■ How to complete this task
Your output should consist solely of the lines from the one holding "A view of the" to the end of the records below, inclusive, reproduced exactly and free of pictures.

■ Records
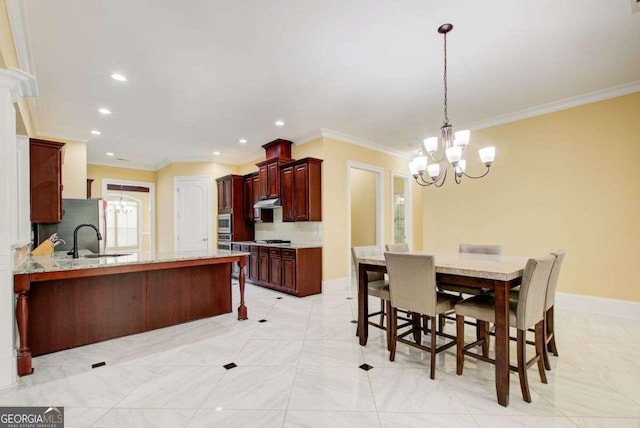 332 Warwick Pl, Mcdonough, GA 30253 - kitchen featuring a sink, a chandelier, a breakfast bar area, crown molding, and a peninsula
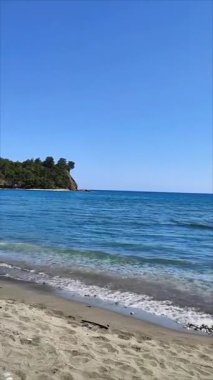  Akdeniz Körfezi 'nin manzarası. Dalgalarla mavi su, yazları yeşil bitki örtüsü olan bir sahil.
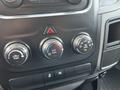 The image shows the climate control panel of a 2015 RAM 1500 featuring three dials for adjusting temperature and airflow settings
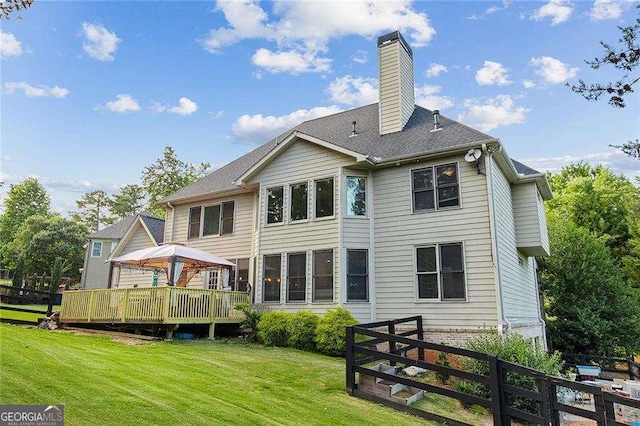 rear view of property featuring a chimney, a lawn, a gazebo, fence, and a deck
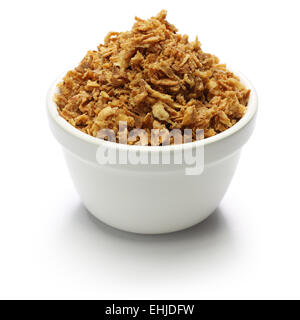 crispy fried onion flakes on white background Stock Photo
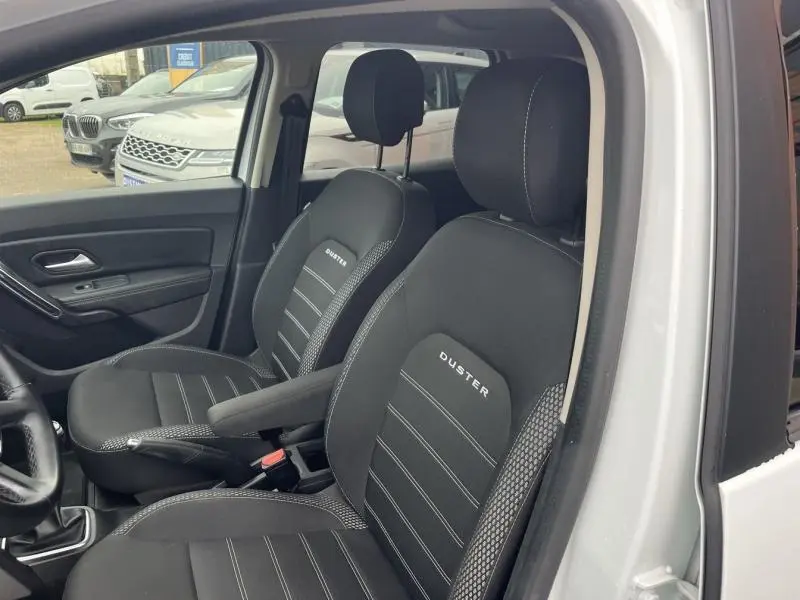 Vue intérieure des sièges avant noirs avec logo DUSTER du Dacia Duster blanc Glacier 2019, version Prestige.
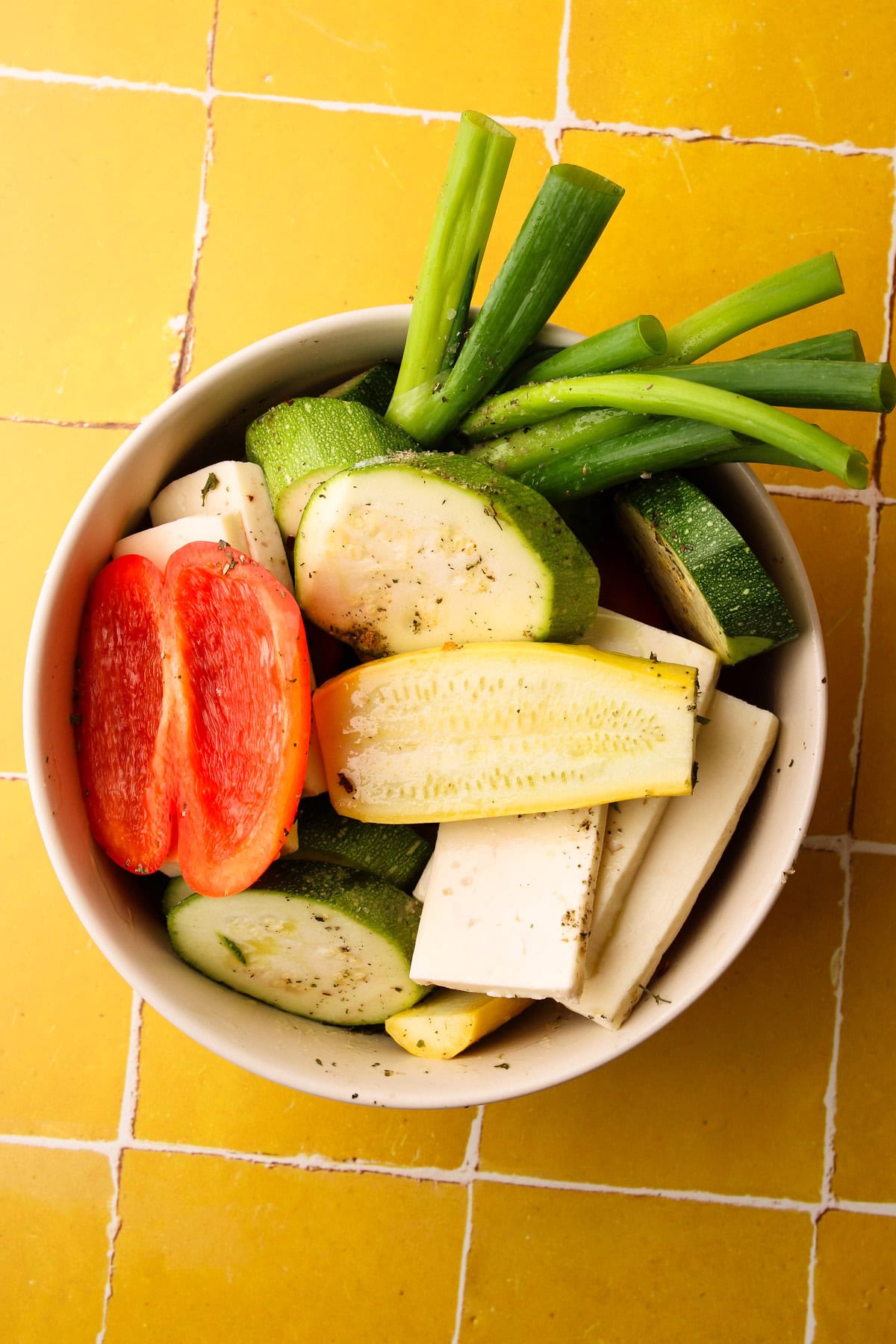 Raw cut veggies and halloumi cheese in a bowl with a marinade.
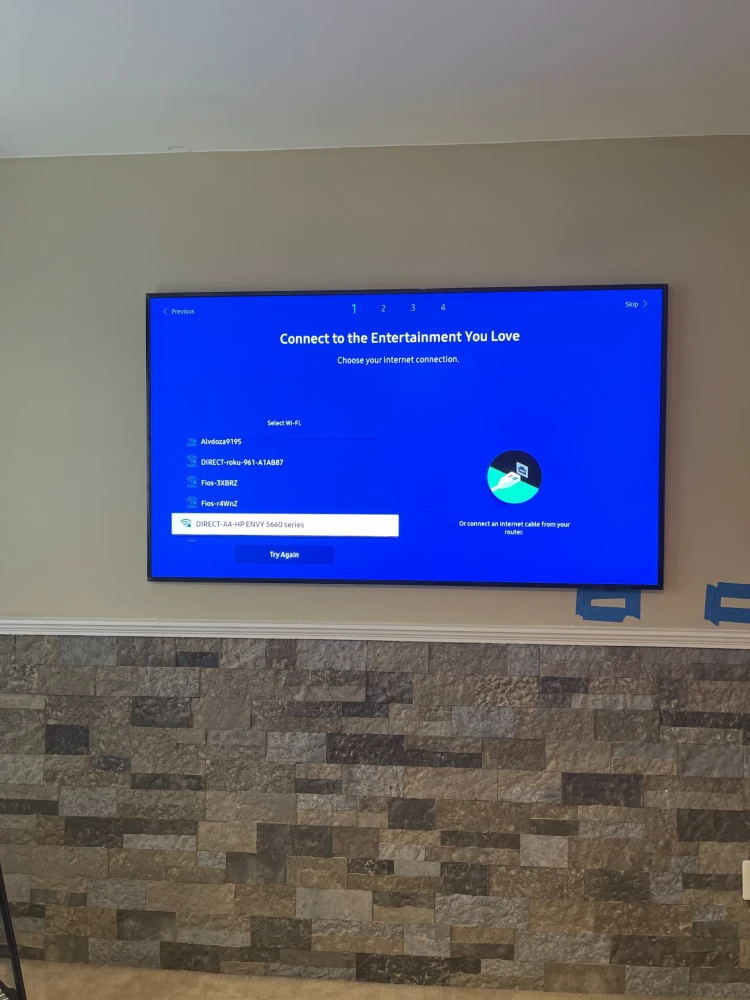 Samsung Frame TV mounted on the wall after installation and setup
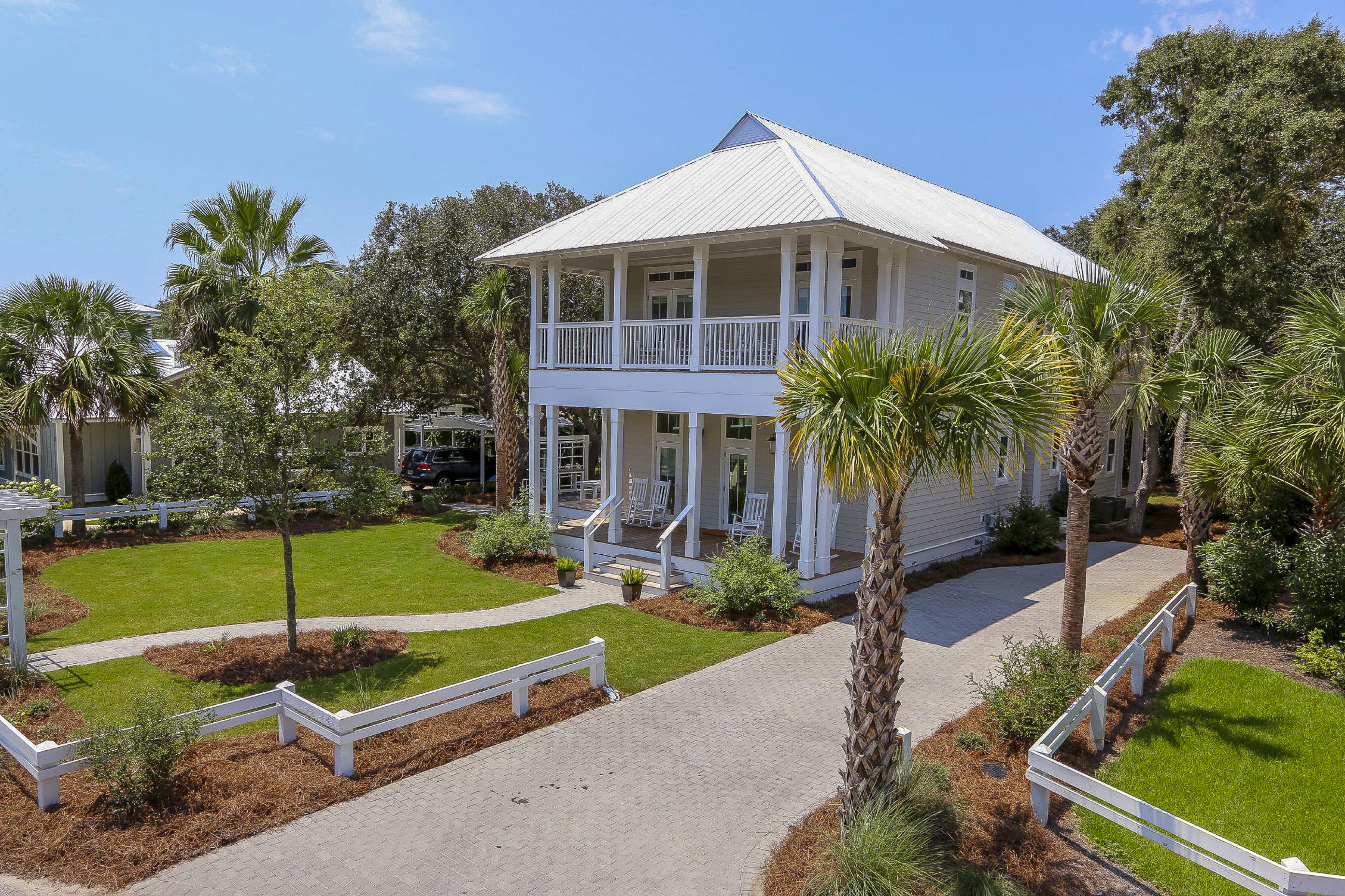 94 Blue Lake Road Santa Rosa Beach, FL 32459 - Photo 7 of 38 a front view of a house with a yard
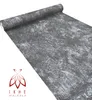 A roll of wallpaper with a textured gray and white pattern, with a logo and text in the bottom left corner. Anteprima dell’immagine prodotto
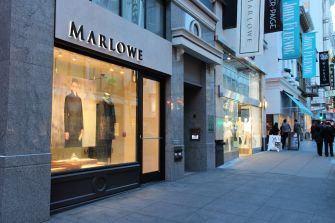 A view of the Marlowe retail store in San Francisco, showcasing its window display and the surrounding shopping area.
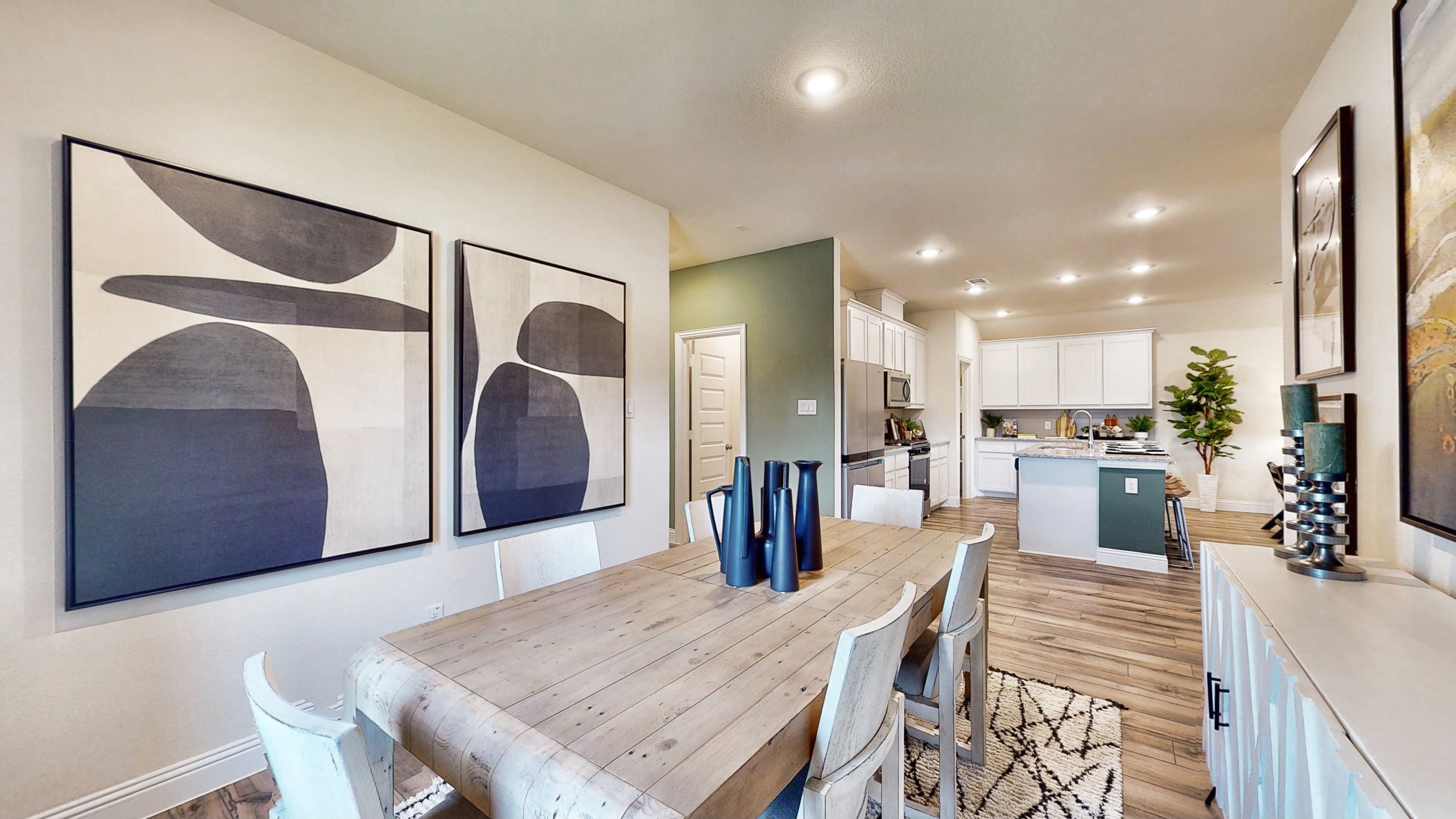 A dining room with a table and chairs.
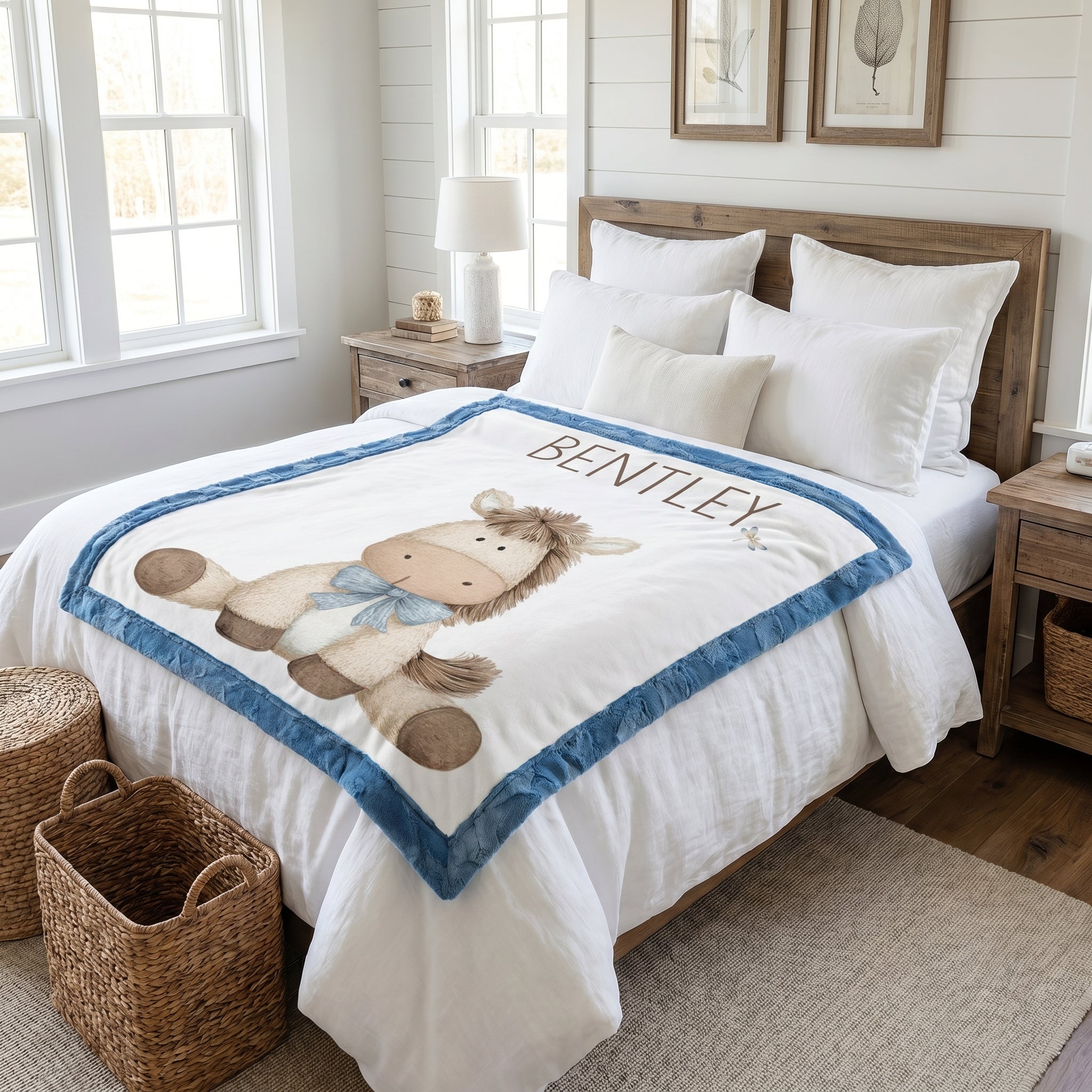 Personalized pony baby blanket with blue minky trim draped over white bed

■ Result of this exercise
 A view of the Marlowe retail store in San Francisco, showcasing its window display and the surrounding shopping area.
 A dining room with a table and chairs.
 Personalized pony baby blanket with blue minky trim draped over white bed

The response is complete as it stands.